Recreating nn.BatchNorm1d() manually given it's trained parameters

How does nn.BatchNorm1d() work in eval() mode? I looked up the source code, but this points to F.batch_norm, but this points to torch.batch_norm (which has no file I can look up).

Fundamentally, I want do something very simple.

Suppose, I have input x, which is passed into nn.BatchNorm1d(x) to get y1 during eval() mode. I want to recreate y by using the parameters (gamma, bias, running_mean, running_var - where gamma and bias are stored inside the module’s parameters variable) that are inside nn.BatchNorm1d via the following:

y2 = gamma * (x - running_mean) / (sqrt(running_var)) + bias

However, y1 != y2. Am I missing something?

Thank you!

How large is the difference between y1 and y2?
If it’s approx. 1e-6 or smaller, you might just see the limited floating point precision of FP32 numbers.
To compare these tensors, you could alternatively use torch.allclose and specify the absolute or relative error, if necessary.

I’ve created a manual approach of nn.BatchNorm2d some time ago here. Maybe it might help in debugging. :wink:

1 Like

Thank you so much! :slight_smile: Will check the differences exactly, but I did notice one thing.

While the differences were very small, the total accuracy as a result of recreating batchnorm was far worse (i.e. the actual predicted answers from the network were totally different than the manual predictions I found after recreating batchnorm).

Could you rerun the code using a few seeds and check, if you get these bad results randomly using both approaches?
If the error of the manual vs. PyTorch batch norm output is small, e.g. an unlucky initialization might yield these results.

Sorry for the delay in my response.
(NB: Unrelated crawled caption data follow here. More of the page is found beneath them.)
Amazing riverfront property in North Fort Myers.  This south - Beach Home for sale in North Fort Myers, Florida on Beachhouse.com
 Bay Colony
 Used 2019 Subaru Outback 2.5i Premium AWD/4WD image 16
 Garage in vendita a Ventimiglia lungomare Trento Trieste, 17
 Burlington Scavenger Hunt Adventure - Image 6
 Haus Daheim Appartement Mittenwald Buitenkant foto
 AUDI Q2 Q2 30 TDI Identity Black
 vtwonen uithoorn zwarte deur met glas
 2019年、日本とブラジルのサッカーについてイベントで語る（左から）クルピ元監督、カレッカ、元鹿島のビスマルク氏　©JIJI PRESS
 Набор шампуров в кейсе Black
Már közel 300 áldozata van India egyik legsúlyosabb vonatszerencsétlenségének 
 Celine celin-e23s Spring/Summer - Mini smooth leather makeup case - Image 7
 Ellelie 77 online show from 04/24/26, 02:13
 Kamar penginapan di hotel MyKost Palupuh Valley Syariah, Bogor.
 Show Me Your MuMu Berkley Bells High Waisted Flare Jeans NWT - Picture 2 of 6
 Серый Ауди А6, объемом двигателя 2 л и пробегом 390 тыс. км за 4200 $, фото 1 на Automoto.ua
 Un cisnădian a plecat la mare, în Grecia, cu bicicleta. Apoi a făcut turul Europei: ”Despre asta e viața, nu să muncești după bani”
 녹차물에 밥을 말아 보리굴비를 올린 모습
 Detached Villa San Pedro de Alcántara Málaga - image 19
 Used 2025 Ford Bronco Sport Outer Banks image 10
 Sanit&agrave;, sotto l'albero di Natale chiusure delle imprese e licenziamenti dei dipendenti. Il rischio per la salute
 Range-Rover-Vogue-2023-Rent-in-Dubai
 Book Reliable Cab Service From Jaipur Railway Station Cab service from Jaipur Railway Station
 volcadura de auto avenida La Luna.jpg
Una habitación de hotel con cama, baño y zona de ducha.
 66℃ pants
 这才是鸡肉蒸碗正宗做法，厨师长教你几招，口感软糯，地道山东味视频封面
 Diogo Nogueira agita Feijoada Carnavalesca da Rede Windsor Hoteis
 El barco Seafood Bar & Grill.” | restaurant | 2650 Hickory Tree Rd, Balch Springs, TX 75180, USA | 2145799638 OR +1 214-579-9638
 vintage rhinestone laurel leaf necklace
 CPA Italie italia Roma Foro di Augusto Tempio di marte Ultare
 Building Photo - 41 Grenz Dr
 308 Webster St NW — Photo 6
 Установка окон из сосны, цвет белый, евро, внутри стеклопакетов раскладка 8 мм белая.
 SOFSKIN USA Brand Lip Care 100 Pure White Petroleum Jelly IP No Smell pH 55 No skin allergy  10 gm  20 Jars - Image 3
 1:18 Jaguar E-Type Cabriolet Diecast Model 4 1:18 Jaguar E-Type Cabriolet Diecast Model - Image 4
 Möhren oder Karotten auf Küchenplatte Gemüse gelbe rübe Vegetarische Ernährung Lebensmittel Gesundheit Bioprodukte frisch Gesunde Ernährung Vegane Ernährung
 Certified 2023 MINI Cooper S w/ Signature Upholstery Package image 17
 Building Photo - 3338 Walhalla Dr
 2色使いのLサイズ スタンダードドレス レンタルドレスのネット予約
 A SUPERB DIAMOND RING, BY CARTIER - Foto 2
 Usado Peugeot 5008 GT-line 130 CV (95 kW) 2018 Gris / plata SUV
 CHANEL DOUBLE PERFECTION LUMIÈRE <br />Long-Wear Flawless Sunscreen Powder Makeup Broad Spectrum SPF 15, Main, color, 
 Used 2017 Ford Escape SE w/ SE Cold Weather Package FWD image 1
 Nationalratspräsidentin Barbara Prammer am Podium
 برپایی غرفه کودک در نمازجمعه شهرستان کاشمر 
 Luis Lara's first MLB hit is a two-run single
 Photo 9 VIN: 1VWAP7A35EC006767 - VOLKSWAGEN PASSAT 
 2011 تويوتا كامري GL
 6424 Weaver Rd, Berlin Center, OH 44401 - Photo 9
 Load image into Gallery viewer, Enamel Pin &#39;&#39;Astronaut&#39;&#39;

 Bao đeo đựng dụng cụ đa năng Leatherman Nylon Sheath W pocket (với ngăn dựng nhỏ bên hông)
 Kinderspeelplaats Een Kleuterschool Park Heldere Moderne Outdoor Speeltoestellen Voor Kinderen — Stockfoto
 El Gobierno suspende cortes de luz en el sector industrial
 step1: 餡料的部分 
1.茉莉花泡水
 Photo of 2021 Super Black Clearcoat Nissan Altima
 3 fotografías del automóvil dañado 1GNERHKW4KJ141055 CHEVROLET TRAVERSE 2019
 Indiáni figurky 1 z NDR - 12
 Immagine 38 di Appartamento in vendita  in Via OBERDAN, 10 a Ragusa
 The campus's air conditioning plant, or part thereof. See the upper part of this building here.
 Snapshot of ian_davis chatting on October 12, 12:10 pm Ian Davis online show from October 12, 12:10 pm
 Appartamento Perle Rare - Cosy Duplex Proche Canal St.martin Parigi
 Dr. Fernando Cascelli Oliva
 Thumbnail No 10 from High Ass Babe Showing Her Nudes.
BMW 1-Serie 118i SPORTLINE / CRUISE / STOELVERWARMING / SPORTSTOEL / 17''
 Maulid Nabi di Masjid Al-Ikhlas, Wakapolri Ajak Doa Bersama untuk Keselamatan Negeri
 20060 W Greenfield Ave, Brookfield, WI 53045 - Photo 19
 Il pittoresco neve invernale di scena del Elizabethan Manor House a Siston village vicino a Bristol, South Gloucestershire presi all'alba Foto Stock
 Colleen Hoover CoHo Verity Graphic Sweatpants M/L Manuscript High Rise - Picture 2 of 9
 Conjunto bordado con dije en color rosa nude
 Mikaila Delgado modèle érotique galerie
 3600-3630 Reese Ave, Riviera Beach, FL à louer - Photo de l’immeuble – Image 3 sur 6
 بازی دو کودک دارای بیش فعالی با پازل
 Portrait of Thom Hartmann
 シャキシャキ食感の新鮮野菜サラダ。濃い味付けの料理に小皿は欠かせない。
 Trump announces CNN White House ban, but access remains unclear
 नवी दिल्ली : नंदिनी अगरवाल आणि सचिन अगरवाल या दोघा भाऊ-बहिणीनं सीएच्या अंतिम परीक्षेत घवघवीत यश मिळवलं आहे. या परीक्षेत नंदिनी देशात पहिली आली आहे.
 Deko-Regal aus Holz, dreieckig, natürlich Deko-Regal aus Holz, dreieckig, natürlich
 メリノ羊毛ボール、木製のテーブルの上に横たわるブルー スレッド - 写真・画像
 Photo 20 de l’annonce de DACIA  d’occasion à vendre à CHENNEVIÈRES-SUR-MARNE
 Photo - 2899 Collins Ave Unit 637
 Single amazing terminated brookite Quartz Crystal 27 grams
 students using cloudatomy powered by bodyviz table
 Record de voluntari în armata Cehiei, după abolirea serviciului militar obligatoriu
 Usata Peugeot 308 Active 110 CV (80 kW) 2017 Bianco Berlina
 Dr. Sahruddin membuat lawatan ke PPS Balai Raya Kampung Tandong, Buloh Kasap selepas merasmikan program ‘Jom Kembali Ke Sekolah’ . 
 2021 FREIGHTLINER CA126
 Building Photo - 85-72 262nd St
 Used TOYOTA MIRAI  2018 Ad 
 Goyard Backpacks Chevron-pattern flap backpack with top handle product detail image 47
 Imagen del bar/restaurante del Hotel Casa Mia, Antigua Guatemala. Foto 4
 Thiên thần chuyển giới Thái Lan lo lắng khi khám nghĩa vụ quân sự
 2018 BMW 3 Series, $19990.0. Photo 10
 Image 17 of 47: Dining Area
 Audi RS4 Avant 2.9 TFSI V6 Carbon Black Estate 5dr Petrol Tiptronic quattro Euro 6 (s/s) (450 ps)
The results were bad until I normalized the batchnorm weights.

After this, I actually noticed that manually forward propping through the weights of my layers/batchnorm (since it already has normalized running_mean and running_var variables) yielded a higher accuracy than auto forward propping through the whole net.

Thanks for your help @ptrblck. Typically, I’ve only used batchnorm2d, and glorot initializations can be applied here, so didn’t think to apply any kind initialize on batchnorm1d.

1 Like